Uma comitiva com três oficiais da Marinha do Brasil fizeram uma visita de inspeção na fabricante de baterias Satúrnia, na manhã desta terça-feira [23], para avaliar se a Marinha mantém ou rompe contrato com a empresa, que deveria ter fabricado uma bateria para o submarino Tupi, que está no estaleiro, no Rio de Janeiro, a espera do produto.
A fábrica recebeu R$ 1,7 milhão de adiantamento da Marinha para fazer o produto, que deveria ter sido entregue em julho, mas com dívidas e sem crédito no mercado, a bateria sequer começou a ser fabricada.
A fabricação de uma bateria de submarino, que é composta por 480 elementos e pesa aproximadamente 270 toneladas, pode demorar até 6 meses. O custo final do produto chega a R$ 12 milhões.
Os oficiais, que disseram não poder falar em nome da Marinha, vão fazer um relatório da visita à fábrica e apresentá-lo ao almirante Francisco Roberto Portella Deiana. Ele quem dará a decisão final se a Marinha mantém ou não o contrato com a Satúrnia.
A Satúrnia, instalada na zona industrial de Sorocaba, está com a linha de produção totalmente parada por falta de matéria-prima.
Os 170 funcionários estão com salários atrasados, sem convênio médico, sem transporte e a empresa também não está recolhendo o FGTS e INSS.
Os trabalhadores estão de licença, mas continuam na empresa para impedir a retirada de equipamentos que possam garantir o pagamento de futuras verbas rescisórias, caso a fábrica venha a falir.
Empresa espera vender terreno ou atrair acionistas
O diretor-presidente da Satúrnia, Luís Antônio Baptista, revelou à Imprensa SMetal Metalúrgica que espera a confirmação do interesse de um investidor de São Paulo que estaria disposto a investir R$ 8 milhões na empresa.
Ele acrescentou que as negociações estão em andamento há um mês, mas não deu prazo para a consolidação das negociações. “Essas coisas não são fáceis”, disse.
Baptista não quis entrar em detalhes sobre a negociação, mas deu a entender que o novo investidor estaria fazendo muitas exigências – como influir na direção da fábrica – para fechar o negócio.
Outra alternativa que a Satúrnia leva em consideração é a venda de parte do terreno da fábrica, que está localizada no bairro Iporanga, zona industrial de Sorocaba. Um investidor imobiliário de Sorocaba estaria disposto a pagar R$ 4 milhões por parte do terreno da fábrica.
Mas como o grupo ALTM, que controla a Satúrnia, está em recuperação judicial, a Justiça poderá barrar a venda do terreno.

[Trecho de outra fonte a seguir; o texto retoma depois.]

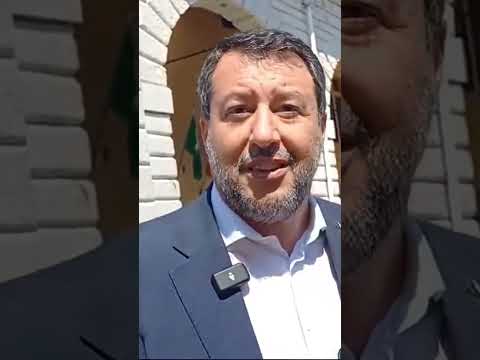 Brescia, il ministro dei trasporti Salvini sul pagamento del pedaggio sul raccordo #shorts #news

Em conversa com o deputado estadual Hamilton Pereira (PT), que também esteve na fábrica na manhã desta terça, Baptista revelou, também, que a Satúrnia ofereceu de 3% a 4% de participação da fábrica à Emgepron, empresa mista que gerencia projetos navais da Marinha.
Cliente tem, então por que a crise?
O diretor-presidente da Satúrnia, Luís Antônio Baptista, é categórico em afirmar que a empresa não está em crise por falta de cliente. “Nossa carteira [de clientes] é muito boa. Hoje eu deixo de vender por falta de produto, não de cliente”, avisa.
Se a empresa tem mercado, porque, então, que está em crise? O mesmo diretor explica que a empresa foi comprada, em 2006, com dívidas tributárias de R$ 60 milhões e um tanto sucateada. “A Eaton [antiga proprietária] queria fechar a fábrica porque àquele grupo não interessava fabricar baterias, mas depois resolveu vendê-la quando viu que fechar ficaria mais caro”.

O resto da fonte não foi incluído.